Ceritanya berpusat pada Khalil Syailendra, seorang penulis muda berusia 25 tahun yang memilih mengakhiri hidupnya di tengah rasa kecewa dan kegagalan. Ia merasa tak lagi berarti bagi siapa pun, bahkan untuk dirinya sendiri. Namun, setelah kematiannya, Khalil justru dihadapkan pada tayangan ulang seluruh hidupnya di sebuah ruangan putih yang sunyi. Di sanalah ia menyaksikan setiap detik kehidupannya, dari kecil hingga dewasa, semua momen yang dulu ia anggap remeh kini memutar kembali seperti potongan film.
Melalui layar besar itu, Khalil menyadari satu hal yang paling menyakitkan: orang tuanya. Dua sosok yang selalu mencintainya tanpa syarat, kini harus menanggung luka yang tak terperikan karena kehilangan anaknya. Dari situ, cerita berkembang menjadi refleksi mendalam tentang betapa berharganya hidup, betapa dalamnya kasih orang tua, dan betapa besar penyesalan yang datang ketika kita baru sadar setelah semuanya terlambat.
Jaquenza Eden menulis dengan gaya yang lembut, penuh perasaan, namun juga menohok. Setiap kalimat dalam Berpayung Tuhan seperti mengajak pembaca menatap cermin dan bertanya dalam hati: “Pernahkah aku menyakiti mereka yang mencintaiku tanpa sadar?” Ceritanya sederhana, tapi maknanya dalam, membuat kita berpikir ulang tentang keputusan, rasa lelah, dan arti dari bertahan.
Novel ini juga menjadi pengingat bagi siapa pun yang tengah berada di masa-masa sulit.

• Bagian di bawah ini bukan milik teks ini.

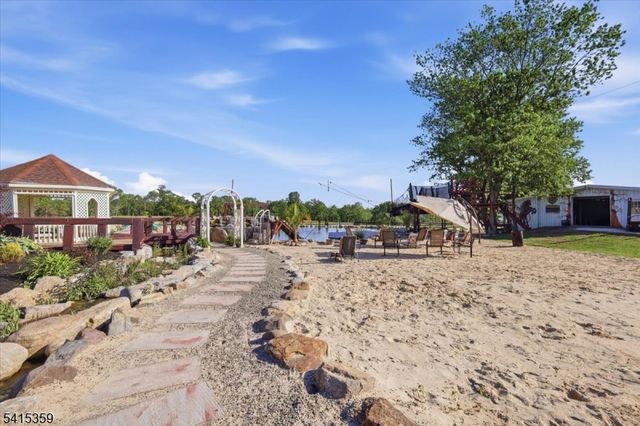 72 Pond Ln, Holland Twp., NJ 08848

Bahwa hidup tidak selalu berjalan mulus, dan kegagalan bukanlah tanda akhir dari segalanya. Justru di balik kesulitan itu, ada kasih dan doa yang diam-diam menyelimuti kita. Ada keluarga yang berharap kita tetap pulang.
Yang membuat Berpayung Tuhan begitu berkesan adalah kedekatannya dengan realita. Banyak pembaca merasakan bagian dari diri mereka dalam kisah Khalil, entah itu rasa gagal, tekanan hidup, atau hubungan dengan orang tua yang kadang terasa jauh tapi sebenarnya begitu dalam. Novel ini berhasil menggambarkan emosi manusia dengan jujur, tanpa dibuat-buat.
Buku ini juga memperlihatkan bahwa Tuhan tidak pernah benar-benar meninggalkan hamba-Nya. Kadang, justru melalui kesedihan dan kehilangan, kita diajak untuk kembali mendekat. Berpayung Tuhan bukan hanya cerita tentang kematian, tapi tentang kehidupan yang seharusnya disyukuri, tentang betapa berharganya kesempatan kedua, dan bagaimana cinta bisa menjadi alasan untuk tetap hidup.
Menurut saya, Berpayung Tuhan adalah salah satu novel yang paling menyentuh dan penuh makna di antara karya-karya fiksi modern. Ceritanya membuat kita berhenti sejenak, menatap langit, dan berkata: “Aku masih di sini, dan aku ingin terus hidup.” Novel ini bukan hanya untuk dibaca, tapi untuk dirasakan, karena setiap halamannya seperti pelukan hangat dari semesta yang berkata, jangan menyerah, kamu masih punya harapan.